Prior to the pandemic, London had already been experiencing a shift in migration patterns.
For every nine people moving into the capital in 2019, 10 were moving out, generating a net outbound migration of 30,000 people.
Over the past five years, migration out of the capital has been particularly pertinent for people in their thirties, as 49% more of those in this age bracket had chosen to leave the city.
In Totaljobs’ research and analysis, 18-24-year-olds (32%) were the most likely age group in the country to be reconsidering where they live, with 31% of 25-24-year-olds in close second.
By utilising government opportunities, like the Kickstart Scheme and apprenticeship incentives, Jon Wilson, CEO at Totaljobs said that employees stand to gain a lot by tapping into these migration trends.

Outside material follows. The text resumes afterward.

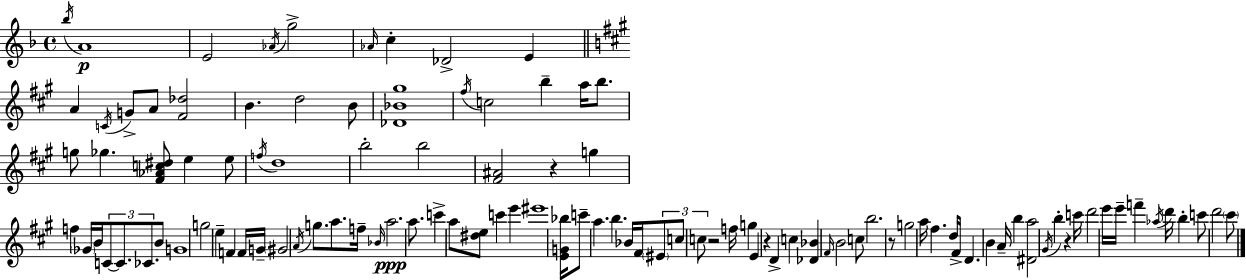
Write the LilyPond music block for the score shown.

He added: “As we move into an employer-led market whereby there are more people looking for jobs, than jobs available, and the
"Government pledges to invest in businesses across the UK, the employers that will stand out from the crowd will be the ones that take heed of these changing trends and shifts in priorities for candidates and workers, and take action to support staff, for the benefit of individuals’ working lives, and business success.”
Totaljobs’ migration research was commission through Opinium to survey 2,000 UK adults between 12th June – 16th June 2020.